Introduction

Instacart is an American company that operates as a same-day grocery delivery service. Customers can select groceries through a web application and the order is reviewed and delivered by personal shoppers through various retailers. With the large customer base, the company collects data of the users’ transactions behaviour and purchasing history.Instacart published the anonymized data on customer orders collected over time. Dataset consists 3 million grocery orders for more than 200,000 Instacart Orders.

In this analysis report,Exploratory Data analysis was performed in order to derive insights from customer data.

Data Understanding

Orders

The data set contains list of unique order_id for corresponding orders made by users. Order_number gives the number of the order. Eval_set denotes if the order is a prior order, train, or test. All but the last order of every user is classified as prior. Last order of every user is either classified as train or test.Order_dow gives the day of the week and order_hour_of_day denotes hour of the day. Days_since_prior_order gives the time difference between two orders and contains NULL value for the first order of every user. There are 3 million plus order_id for 200,000 plus different users.

order_id user_id eval_set order_number order_dow order_hour_of_day days_since_prior_order
2539329 1 prior 1 2 8 NA
2398795 1 prior 2 3 7 15
473747 1 prior 3 3 12 21
2254736 1 prior 4 4 7 29
431534 1 prior 5 4 15 28

Prior Orders

Prior table contains product_id for every order_id. It thereby gives information about products included in every order. Add_to_cart_order gives the order for product_id by which it was added by customer to their shopping cart. Every product_id is classified and coded as 1 under reordered column if it was previously ordered by customer and 0 otherwise.
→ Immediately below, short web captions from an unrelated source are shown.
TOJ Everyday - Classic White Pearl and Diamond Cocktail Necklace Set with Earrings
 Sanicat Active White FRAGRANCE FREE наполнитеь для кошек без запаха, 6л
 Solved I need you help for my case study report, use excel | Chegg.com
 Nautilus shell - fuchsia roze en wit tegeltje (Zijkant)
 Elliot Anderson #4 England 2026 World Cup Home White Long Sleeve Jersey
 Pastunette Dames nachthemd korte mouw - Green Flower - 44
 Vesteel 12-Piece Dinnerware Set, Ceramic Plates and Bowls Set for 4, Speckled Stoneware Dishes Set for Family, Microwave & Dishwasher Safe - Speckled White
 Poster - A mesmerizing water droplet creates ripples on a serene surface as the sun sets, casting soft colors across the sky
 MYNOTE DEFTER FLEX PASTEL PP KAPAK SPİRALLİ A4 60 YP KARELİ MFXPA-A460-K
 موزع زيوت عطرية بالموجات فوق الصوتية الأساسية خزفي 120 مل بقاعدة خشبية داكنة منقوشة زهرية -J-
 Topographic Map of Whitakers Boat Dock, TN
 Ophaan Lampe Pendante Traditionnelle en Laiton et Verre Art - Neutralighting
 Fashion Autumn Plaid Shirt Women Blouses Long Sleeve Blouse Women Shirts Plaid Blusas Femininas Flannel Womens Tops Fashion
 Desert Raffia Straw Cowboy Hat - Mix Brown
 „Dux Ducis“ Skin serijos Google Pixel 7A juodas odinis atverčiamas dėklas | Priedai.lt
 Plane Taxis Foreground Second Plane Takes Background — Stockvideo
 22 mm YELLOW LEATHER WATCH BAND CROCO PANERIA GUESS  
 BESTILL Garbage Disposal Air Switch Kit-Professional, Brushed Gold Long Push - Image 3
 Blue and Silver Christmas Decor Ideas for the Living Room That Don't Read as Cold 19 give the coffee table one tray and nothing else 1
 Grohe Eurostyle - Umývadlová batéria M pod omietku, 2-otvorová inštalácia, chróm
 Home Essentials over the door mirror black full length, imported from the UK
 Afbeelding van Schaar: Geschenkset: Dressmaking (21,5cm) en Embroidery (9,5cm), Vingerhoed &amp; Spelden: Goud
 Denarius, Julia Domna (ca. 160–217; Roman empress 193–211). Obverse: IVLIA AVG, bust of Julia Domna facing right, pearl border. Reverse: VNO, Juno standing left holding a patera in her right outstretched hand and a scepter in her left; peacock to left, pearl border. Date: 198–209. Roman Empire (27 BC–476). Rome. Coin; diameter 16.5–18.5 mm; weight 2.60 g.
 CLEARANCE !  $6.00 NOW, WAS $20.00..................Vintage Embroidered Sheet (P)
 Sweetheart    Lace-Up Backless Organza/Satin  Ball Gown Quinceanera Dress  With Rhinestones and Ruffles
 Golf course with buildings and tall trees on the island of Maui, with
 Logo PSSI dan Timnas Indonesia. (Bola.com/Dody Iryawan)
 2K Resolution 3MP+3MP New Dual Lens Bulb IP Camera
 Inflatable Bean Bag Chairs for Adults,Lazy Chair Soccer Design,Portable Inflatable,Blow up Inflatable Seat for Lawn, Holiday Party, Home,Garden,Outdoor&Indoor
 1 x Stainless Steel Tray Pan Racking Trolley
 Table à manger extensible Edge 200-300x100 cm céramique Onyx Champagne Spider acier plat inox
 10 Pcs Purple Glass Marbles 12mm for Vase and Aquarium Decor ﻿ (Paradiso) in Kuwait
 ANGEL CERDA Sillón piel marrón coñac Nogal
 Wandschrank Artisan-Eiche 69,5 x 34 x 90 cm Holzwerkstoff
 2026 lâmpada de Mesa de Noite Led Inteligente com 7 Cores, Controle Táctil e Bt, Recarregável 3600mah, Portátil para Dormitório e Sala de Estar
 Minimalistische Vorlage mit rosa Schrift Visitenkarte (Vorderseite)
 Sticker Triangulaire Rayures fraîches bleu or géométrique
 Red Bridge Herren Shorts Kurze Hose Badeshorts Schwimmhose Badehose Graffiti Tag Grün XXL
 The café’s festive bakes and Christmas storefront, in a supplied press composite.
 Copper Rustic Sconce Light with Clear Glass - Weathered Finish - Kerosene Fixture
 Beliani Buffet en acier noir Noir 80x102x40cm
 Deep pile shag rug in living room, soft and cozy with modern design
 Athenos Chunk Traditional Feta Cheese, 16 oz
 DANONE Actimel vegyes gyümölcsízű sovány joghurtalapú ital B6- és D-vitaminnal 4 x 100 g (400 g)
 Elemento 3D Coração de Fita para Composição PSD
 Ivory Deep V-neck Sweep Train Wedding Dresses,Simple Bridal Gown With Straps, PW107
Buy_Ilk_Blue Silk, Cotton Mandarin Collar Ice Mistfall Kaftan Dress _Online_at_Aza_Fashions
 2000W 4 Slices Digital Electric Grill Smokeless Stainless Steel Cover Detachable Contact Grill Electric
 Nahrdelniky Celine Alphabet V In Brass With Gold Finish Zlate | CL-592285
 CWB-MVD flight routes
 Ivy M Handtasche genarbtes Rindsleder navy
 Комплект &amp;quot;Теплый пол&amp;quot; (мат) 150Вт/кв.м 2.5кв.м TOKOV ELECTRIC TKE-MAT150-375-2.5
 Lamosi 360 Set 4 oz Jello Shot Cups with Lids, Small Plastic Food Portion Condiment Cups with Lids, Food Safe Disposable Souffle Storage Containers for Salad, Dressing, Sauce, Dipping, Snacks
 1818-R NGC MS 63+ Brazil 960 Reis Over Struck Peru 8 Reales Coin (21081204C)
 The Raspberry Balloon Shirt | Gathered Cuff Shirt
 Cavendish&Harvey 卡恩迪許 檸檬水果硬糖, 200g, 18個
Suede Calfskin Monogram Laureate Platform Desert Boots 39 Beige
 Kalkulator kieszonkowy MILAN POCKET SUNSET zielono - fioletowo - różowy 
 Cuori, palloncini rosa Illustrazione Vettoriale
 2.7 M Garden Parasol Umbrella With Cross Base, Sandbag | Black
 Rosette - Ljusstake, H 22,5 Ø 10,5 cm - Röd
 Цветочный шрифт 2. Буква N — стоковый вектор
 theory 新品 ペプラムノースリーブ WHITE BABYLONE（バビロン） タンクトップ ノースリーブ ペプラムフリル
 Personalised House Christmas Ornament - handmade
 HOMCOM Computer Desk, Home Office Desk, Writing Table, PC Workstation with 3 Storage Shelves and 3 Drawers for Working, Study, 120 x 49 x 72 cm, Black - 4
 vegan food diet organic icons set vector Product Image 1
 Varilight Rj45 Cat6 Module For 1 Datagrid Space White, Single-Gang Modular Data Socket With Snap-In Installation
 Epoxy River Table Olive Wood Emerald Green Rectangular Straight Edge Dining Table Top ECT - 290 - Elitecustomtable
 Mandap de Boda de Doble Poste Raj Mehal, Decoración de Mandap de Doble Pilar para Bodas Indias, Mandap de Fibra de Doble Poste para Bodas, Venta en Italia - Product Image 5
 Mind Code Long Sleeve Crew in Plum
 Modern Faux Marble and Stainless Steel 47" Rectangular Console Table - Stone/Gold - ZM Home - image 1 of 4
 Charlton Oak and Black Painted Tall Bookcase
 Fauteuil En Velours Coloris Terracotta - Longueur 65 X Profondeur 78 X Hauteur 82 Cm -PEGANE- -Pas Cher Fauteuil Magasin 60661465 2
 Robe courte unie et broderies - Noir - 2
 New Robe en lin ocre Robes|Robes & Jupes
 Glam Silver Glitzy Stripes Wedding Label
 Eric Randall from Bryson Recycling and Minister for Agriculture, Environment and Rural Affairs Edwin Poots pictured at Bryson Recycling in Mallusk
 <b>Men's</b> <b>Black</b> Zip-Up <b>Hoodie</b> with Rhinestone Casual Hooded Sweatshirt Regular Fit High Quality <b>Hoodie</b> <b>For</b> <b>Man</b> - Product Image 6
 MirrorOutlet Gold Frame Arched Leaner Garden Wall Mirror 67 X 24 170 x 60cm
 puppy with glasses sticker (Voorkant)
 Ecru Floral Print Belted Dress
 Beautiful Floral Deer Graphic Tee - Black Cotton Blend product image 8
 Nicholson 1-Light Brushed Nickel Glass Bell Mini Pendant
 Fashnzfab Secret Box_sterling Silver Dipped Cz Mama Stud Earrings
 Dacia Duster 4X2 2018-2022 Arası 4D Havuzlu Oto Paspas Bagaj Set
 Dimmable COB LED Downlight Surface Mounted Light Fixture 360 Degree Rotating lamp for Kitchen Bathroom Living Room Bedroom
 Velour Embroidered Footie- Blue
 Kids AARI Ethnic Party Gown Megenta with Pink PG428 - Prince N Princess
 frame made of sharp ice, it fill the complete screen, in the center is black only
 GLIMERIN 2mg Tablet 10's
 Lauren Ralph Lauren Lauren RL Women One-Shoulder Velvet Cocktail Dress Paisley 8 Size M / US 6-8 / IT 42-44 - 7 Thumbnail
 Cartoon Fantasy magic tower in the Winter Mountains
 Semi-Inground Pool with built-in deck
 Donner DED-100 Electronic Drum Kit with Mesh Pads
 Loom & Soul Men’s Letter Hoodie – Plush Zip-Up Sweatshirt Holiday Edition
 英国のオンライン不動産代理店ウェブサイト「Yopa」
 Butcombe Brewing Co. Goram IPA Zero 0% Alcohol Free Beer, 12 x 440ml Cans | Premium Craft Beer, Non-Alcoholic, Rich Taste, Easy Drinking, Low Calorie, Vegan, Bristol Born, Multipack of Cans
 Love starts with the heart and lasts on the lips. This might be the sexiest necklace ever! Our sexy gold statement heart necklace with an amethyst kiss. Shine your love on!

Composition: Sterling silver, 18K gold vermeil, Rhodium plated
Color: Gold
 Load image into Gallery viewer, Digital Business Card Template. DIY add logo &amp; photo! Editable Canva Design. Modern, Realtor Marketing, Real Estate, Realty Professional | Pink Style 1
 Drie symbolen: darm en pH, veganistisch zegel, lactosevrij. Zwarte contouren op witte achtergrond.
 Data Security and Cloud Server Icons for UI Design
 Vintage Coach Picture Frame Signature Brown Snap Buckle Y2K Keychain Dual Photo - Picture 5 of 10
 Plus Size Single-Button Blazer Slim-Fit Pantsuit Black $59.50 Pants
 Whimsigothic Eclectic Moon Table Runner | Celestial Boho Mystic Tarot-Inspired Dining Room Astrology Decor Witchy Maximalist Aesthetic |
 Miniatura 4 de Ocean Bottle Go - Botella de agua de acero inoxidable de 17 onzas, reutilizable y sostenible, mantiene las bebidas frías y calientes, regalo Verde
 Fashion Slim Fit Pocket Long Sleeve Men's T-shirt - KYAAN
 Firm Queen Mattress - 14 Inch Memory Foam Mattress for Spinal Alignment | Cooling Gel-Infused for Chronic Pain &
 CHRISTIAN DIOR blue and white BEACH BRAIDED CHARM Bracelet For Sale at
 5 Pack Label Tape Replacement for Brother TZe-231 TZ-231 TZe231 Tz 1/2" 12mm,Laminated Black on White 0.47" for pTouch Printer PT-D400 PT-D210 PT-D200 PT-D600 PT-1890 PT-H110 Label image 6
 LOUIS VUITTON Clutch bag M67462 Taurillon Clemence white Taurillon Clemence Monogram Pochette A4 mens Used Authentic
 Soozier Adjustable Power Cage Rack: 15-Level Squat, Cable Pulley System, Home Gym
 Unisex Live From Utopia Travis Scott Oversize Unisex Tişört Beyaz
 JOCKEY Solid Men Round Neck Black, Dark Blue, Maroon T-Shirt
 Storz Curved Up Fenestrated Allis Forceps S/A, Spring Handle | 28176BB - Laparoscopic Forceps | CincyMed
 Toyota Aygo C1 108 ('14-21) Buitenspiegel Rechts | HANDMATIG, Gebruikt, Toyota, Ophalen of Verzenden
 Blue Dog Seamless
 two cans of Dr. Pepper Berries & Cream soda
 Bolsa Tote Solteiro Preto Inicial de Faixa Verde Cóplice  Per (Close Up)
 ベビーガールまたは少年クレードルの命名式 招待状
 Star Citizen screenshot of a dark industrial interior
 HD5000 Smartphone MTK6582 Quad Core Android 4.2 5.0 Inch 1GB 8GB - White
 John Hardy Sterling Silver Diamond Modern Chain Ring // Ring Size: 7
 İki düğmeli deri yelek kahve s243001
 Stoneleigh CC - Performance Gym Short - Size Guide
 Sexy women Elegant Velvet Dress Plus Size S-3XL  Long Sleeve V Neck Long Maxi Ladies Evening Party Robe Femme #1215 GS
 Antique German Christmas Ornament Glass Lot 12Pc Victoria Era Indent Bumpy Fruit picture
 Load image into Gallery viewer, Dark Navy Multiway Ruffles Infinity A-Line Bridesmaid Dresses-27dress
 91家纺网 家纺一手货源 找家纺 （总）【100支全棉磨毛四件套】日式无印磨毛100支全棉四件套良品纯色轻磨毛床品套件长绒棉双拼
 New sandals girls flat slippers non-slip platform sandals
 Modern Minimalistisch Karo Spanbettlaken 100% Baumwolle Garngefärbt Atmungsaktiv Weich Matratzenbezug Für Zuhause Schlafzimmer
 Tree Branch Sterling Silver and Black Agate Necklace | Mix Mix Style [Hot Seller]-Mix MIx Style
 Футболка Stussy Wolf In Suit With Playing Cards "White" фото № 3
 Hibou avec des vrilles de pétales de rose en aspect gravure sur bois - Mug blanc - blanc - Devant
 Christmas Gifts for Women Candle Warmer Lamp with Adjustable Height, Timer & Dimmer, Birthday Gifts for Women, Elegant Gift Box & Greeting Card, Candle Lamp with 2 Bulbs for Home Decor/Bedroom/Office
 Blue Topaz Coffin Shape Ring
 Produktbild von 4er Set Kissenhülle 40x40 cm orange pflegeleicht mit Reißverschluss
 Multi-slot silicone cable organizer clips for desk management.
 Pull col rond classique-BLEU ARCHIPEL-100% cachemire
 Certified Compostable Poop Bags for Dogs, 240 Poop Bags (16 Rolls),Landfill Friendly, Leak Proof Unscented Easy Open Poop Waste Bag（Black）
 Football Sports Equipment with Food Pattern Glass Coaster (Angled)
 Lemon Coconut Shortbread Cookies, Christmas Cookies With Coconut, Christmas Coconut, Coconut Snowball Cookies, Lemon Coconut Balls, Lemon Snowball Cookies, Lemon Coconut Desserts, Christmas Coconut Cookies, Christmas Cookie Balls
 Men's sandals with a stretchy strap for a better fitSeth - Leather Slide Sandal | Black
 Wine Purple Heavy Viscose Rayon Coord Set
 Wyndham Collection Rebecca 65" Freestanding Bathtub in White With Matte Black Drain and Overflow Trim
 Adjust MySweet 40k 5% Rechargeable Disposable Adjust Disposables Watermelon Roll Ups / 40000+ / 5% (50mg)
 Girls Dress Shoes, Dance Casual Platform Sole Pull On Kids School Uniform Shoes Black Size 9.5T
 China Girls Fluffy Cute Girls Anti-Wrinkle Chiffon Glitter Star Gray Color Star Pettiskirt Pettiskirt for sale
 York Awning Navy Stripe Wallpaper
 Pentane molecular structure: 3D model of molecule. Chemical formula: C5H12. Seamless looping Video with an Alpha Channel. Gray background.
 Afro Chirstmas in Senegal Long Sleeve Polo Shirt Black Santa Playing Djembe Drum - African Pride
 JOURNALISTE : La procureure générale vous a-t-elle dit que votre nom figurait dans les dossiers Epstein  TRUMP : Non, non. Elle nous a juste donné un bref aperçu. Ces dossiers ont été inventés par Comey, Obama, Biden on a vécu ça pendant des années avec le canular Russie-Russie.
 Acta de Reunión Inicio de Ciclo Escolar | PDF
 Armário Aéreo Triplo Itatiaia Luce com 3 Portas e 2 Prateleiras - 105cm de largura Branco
It is the largest table with over 32 million rows of data.

order_id product_id add_to_cart_order reordered
2 33120 1 1
2 28985 2 1
2 9327 3 0
2 45918 4 1
2 30035 5 0

Products

Products table consists of Product name,Product_id ,Aisle_id and Department_id.
product_id product_name aisle_id department_id
1 Chocolate Sandwich Cookies 61 19
2 All-Seasons Salt 104 13
3 Robust Golden Unsweetened Oolong Tea 94 7
4 Smart Ones Classic Favorites Mini Rigatoni With Vodka Cream Sauce 38 1
5 Green Chile Anytime Sauce 5 13

Aisles

Aisles table consist of Aisle id and Aisle name, where products are placed.
aisle_id aisle
1 prepared soups salads
2 specialty cheeses
3 energy granola bars
4 instant foods
5 marinades meat preparation

Departments

Department table consist of department id and department name.
department_id department
1 frozen
2 other
3 bakery
4 produce
5 alcohol

Data Preparation

  • There are no missing values in the dataset.There are no obvious outliers as every user has placed at least 4 orders with multiple products in each order

  • Some initial data processing was done to recode the varaibles to convert from categorical to factors such as order hour of day ,product name , aisle , department

Exploratory Data Analysis

Exploratory data analyis was divided in to 3 parts

  • Order level Analyis
  • Product level Analysis
  • Product Portfolio

Order level Analysis

Order level Analysis

Order level analysis was performed in order to find the answer to questions such as When do people order , When do they order again, How many prior orders ,How many items people buy and many more.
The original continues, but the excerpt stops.